Наконец, ближе к середине 1920-х подрывные сомнения литературного авангарда начинают передаваться и самим гуманитарным наукам. Несмотря на длящееся с середины XIX века соревнование с немецкой наукой в онаучивании (пиком чего и был республиканский позитивизм Дюркгейма и Соссюра), послевоенное гуманитарное поле во Франции оказывается снова более чувствительно к переходу и размыванию дисциплинарных границ с литературой, а также к риторической контрабанде[938].

Только в контексте этой общей (военной) истории литературы и гуманитарной науки можно понять развитие – до определенного момента общее – французской этнологии и сюрреализма[939]. Как в томе, посвященном литературному позитивизму XIX века, нас уже интересовала история контактов и влияний – экспериментальной медицины и физиологии (Бернара) на экспериментальный роман (Золя) в течение XIX века во Франции[940], французской эмпирической фонетики (Бреаля) и американской техники звукозаписи (Эдисона) – на русскую заумную поэзию (Крученых) в начале XX века[941], а уже в XX веке немецкой психофизиологии/-физики восприятия на советских «психоинженеров и психоконструкторов» (Третьяков), которыми стали работники искусства в начале 1920-х[942], или, наконец, венского эмпирико-логического позитивизма – на Новую вещественность и Баухаус[943] в начале 1930-х, – точно так же сейчас мы не можем пройти мимо тех шашней, которые крутили сюрреализм и этнология в те же годы во Франции. Причем, как и в случае нескольких последних примеров, направление этого влияния было далеко не очевидно, и скорее необходимо говорить об истории взаимодействия или – учитывая взятый комбатантный тон – картографии операций на границе науки и литературы.

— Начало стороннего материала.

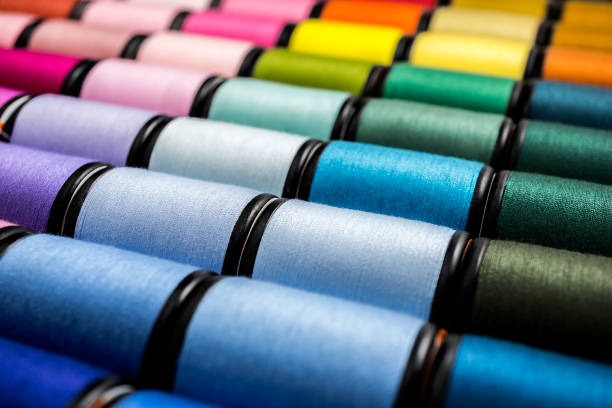 close up of sewing threads Colorful Background close up of sewing spool of threads embroidery photos stock pictures, royalty-free photos & images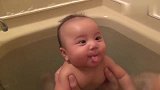 小宝宝和爸爸一起洗澡，爸爸一吹气小宝宝边笑边伸小舌头，萌翻了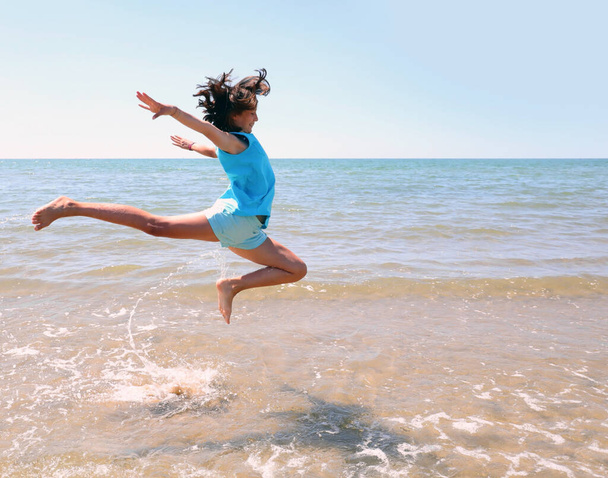 νεαρό αθλητικό κορίτσι κάνει άλματα δίπλα στη θάλασσα με τα πόδια ψηλά - Φωτογραφία, εικόνα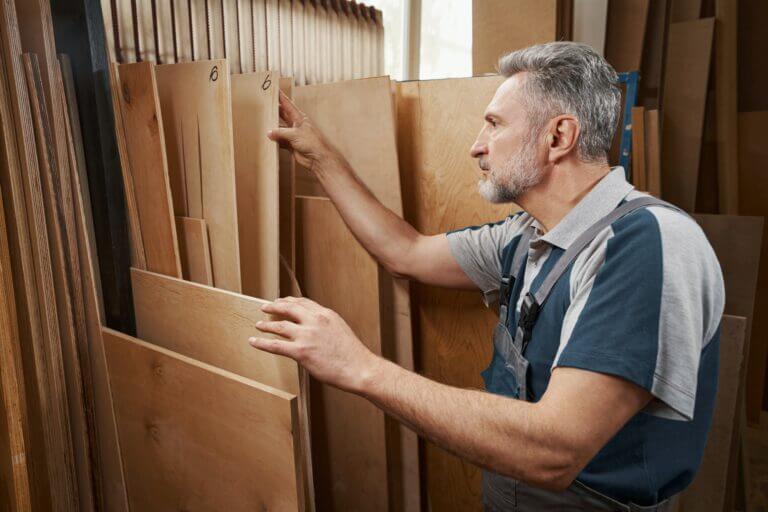 Close up of aged master looking at plywood sheets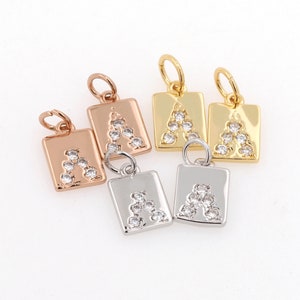 Peut inclure: Cinq pendentifs de charme avec la lettre 'A' sertie de strass transparents. Les pendentifs sont disponibles en diff&eacute;rentes finitions m&eacute;talliques : or, argent et or rose.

С того момента, когда французский колониализм начинает щедро поставлять на родину и скапливать в музее Трокадеро объекты чужих культур, они становятся объектом интереса как гуманитарных исследователей, так и художников и литераторов. Именно здесь Пикассо и другие будущие классики модернизма знакомятся с африканскими масками, а будущие классики республиканской этнологии учатся взаимодействовать с «социальными фактами (других культур) как с вещами»[944]. В послевоенном Париже Африка открывалась неожиданно неистощимым резервуаром альтернативных форм и верований, что, однако, отличалось от экзотизма XIX века, который еще исходил из незыблемости своего культурного порядка. Как в самом начале XIX века возрастающее число исторических сведений позволило релятивизировать представление о красоте в ходе исторической эволюции, а науки стали переживать процесс «темпорализации»[945], так теперь культурный релятивизм приносился с объектами, собранными в ходе путешествий и экспедиций. Возможно, главное, что объединяет ранние французские этнологию и сюрреализм, – принципиальная открытость к легкой культурной дезориентации и даже желание быть дезориентированными.

Однако если сюрреализм как практику и можно сравнить с полевой работой этнолога, то их все же будет различать вектор стремления к остранению знакомой повседневности в первом случае и деланию незнакомого понятным во втором. Само же наложение двух полей несомненно, начиная с «Парижского крестьянина» Арагона и вплоть до признания Леви-Строссом «квартала Парижа таким же незнакомым, как Амазония»[946]. Отправляется ли этносюрреалист в экспедицию на другой континент или прогуливается по району блошиного рынка Saint-Ouen, его оптикой управляет поиск неких странных и неожиданных объектов (objets sauvages), которые столь же часто становятся украшением артистической студии, сколь и научной коллекции (гибридом чего можно назвать музейную экспозицию).

К середине 1920-х годов «Трока», как ласково называют музей, укрепленный с флангов набережной Нью-Йорк и как будто противопоставленный Йенскому мосту, становится модным местом. К 1925 году неподалеку открывается Институт этнологии[947] и в том же году выпускается «Манифест сюрреализма»[948]. Это не просто хронологическое совпадение, но «звенья одной цепи», по которой к тому же свободно перемещаются отдельные фигуры. Как в эти же годы Венский логический позитивизм укрепляет научные основания эстетики Баухауса (тем самым более не сводящиеся к вопросу вкуса или стиля), а художники из Дессау придают венцам характер прогрессивного, почти авангардного движения, между французской этнологией и сюрреализмом складывается взаимовыгодный пакт.